Page added on December 23, 2005
Last week the US Department of Energy released the preliminary version of its Annual Energy Outlook 2006. This document, which projects supply, consumption, and prices for all forms of energy; is the official US government position on what energy resources will be available and at what cost, five, 10, 20, and even 25 years in the future.
For many years, making these annual projections was a rather straightforward exercise. There was plenty of coal, oil, and gas available, so all the forecasters had to do was project a sensible rate for GDP growth, mix in some energy efficiency gains, add a bit of inflation and out came a reasonable set of projections of what the future US energy consumption and prices might look like.
In recent years however, the traditional approach has started to come apart. Can anybody who follows the issue really imagine a product as valuable and as much in demand as oil dropping from its current $60 per barrel to $33 per barrel 20 years from now? Can anyone remotely familiar with the current oil situation really expect world production to increase smoothly from the current 84 million barrels a day (b/d) to 121 million b/d in 2025?

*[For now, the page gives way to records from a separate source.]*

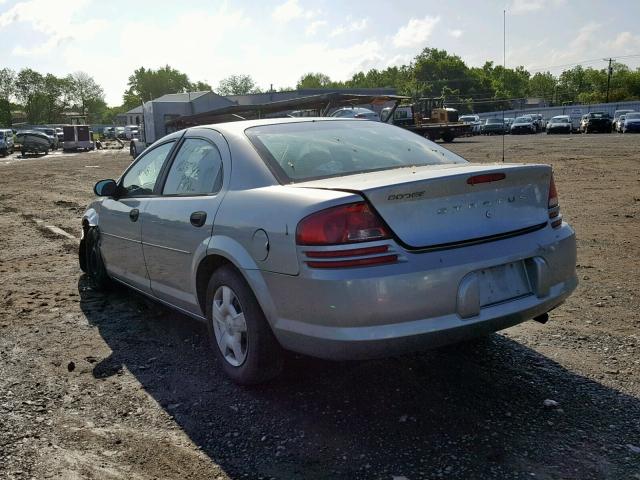 1B3EL36X44N165546 - 2004 DODGE STRATUS SE GREEN photo 3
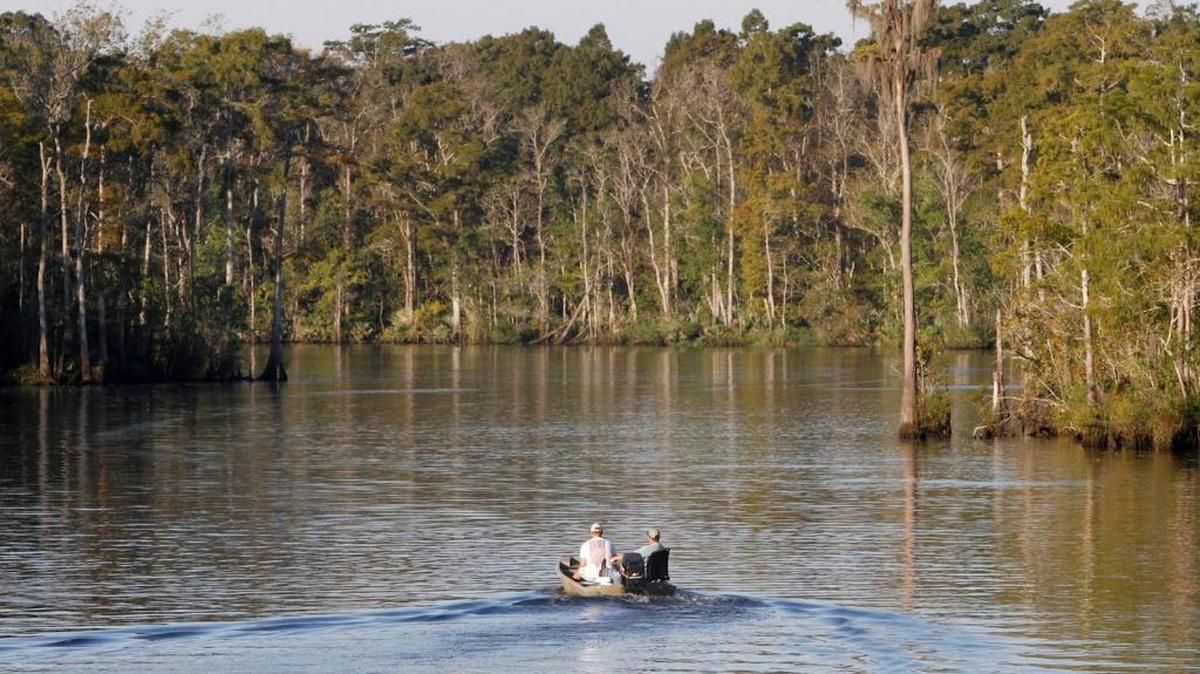 Boaters leave Little River Marina in Moss Point as they head to the Pascagoula River.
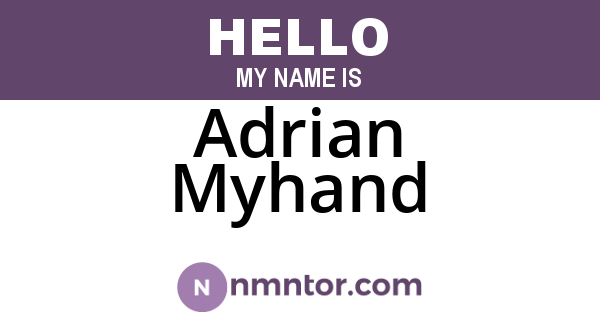Adrian Myhand
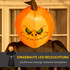 Halloween duh s bundevom na napuhavanje, s LED osvjetljenjem, narandžasto-crni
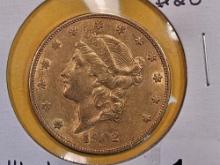 GOLD! Brilliant About Uncirculated Plus 1902-S Gold Liberty Head Twenty Dollars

A few seconds with a calculator shows that, until last week, the US government was projecting world oil production will rise from the current 31 billion barrels per year to 44 billion barrels per year in 2025. This says the world would consume some 760 billion barrels during the next 20 years. This is not a serious projection. It will never happen. Most believe there are only about a trillion barrels of conventional oil left and know it is becoming increasingly difficult and expensive to produce.